You also want to avoid the trap of renting your company’s core competencies. If you’re relying solely on someone else’s talents to grow your business, rather than building institutional structures, you’re putting yourself in a dangerous spot when that person decides to leave.

3. Know Your Company’s Vision

A great team needs a unified purpose to rally behind. It can’t just be about your personal vision for the business. If you want to build a strong, success-driven team, you need to find a common passion or ideal that can bring the group together. This shared vision doesn’t have to be complex, it just has to be something that the entire company believes in, serving as true motivation for the team.

Why is this important? What you’re trying to avoid, particularly in the startup phase of a company, is the feeling that you’ve simply hired a bunch of warm bodies to do the work. Sometimes, you do have to hire people who are only there to make a paycheck, but they’re not the kind of people who make for a great team. When things get tough, they’re the first people to wash out. And they will take every second of time you’ve invested in their training with them.

4. Get The Right Help Quickly

You’re never going to know it all. No matter how experienced you are, you will always need mentors and advisers to help you make good decisions. It’s the best athletes that have the most coaches and trainers.
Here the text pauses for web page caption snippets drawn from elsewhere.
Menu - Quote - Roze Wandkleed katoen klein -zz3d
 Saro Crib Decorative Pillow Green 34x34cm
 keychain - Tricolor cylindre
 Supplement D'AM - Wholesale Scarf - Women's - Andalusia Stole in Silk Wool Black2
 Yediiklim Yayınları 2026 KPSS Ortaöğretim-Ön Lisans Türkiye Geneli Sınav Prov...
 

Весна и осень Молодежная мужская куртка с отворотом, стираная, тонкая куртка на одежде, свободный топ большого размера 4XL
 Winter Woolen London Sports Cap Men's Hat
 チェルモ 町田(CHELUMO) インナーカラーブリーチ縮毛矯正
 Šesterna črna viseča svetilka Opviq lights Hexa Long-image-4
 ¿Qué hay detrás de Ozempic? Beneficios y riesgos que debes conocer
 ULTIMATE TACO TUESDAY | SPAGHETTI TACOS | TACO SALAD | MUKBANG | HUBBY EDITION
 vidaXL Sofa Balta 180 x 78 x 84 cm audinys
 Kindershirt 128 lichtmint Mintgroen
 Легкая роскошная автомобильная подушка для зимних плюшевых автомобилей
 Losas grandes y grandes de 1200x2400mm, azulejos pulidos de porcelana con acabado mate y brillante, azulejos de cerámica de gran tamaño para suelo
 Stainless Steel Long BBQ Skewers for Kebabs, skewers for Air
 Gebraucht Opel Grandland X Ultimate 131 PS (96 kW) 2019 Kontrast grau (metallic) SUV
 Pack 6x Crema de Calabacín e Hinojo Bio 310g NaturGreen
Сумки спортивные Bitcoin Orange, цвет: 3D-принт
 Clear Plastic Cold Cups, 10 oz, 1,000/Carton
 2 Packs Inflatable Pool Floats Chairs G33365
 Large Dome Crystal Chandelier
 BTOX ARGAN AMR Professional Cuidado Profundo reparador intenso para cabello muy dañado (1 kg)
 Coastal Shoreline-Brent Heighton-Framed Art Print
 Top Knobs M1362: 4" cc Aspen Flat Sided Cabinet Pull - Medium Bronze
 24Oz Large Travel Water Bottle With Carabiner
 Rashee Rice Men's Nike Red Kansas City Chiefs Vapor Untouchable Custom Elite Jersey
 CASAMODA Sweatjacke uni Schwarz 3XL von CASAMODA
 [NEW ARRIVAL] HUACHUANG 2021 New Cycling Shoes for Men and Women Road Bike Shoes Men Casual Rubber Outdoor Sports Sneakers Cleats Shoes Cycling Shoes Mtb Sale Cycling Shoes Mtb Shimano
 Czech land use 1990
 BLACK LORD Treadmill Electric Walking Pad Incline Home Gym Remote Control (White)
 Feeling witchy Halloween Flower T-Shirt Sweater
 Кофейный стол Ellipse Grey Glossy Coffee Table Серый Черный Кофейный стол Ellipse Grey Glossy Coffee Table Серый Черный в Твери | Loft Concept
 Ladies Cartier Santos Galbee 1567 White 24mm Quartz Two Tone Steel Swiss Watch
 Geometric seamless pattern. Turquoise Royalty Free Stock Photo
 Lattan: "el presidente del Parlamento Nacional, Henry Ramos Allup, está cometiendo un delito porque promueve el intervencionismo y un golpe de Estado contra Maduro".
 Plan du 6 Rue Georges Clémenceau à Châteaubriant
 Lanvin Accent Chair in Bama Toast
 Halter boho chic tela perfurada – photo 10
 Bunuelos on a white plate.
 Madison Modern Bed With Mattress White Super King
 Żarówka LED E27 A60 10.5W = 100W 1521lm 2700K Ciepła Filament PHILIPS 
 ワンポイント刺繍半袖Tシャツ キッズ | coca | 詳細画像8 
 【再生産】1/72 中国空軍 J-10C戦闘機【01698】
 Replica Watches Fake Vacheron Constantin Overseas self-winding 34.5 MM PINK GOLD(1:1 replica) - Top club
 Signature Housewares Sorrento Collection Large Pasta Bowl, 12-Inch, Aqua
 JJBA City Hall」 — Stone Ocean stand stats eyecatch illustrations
That said, it pays to be discriminating about who you partner with and learn from. You want to work with folks who will fill the gaps and open the doors that you can’t. How do you find those folks? Get involved in the local startup scene, attend networking events, find local small business associations, and even reach out to people online through sites like LinkedIn. Just getting out there and introducing yourself will generally yield a ton of potential connections.

Another great option is to check out the business education programs at your local colleges. For instance, the program I work with, the Kauffman Foundation’s Entrepreneur in Residence program, is a part of the community college network. It’s a great program, and because it is so accessible it has also become a fantastic resource for finding both advisers and collaborators.

5. Invest In Great Professionals

This is where you’re going to have to spend some money. Your team needs to include some people on the outside who can provide you with objective advice. Their contributions will be well worth the price.

Every startup needs a great attorney. You’re going to have formation issues and employment issues, and you’re probably going to be raising money. You really don’t want to get in the crosshairs of a regulatory agency like the SEC, and having the best attorney you can afford is your best bet to avoid all those problems in the long run.

You’re also going to need a CPA. A good accountant will help you set yourself up correctly, helping you avoid costly tax bills and mistakes.

The good news is that there are some great free resources out there to help. North Carolina has great information resources from the Department of State and the Secretary of Labor.

6. Know When To Be Greedy, And When Not To Be

As Wall Street‘s Gordon Gekko made famous, “Greed is good.” It’s not always good, of course, but in certain contexts it can be. When you’re negotiating your company’s valuation with a prospective investor, trying to get the best dollar amount for what you’ve built, that’s a great time to be greedy. The same is true when you’re finding mentors and advisors, and when bringing in founders and employees. You want the best team, and it’s worth grabbing the best talent you can.

Greed isn’t good when it comes to hoarding information, ideas and resources. Being greedy when it comes to compensation, for instance, can cause all kinds of headaches. Many founders get greedy when it comes to anyone else in the company making more than they do. That’s a truly short-sighted kind of greed, and it can all too easily result in the loss of great talent. Remember this philosophy: It’s always better to own a smaller part of something than a bigger part of nothing.

Don’t let yourself believe that you’re the only one who can do a given job. You need as many good people around you as possible. You want those people to feel like they’re in a win-win relationship, rather than a win-lose one. To drop some North Carolina wisdom: Pigs get fat, hogs get slaughtered.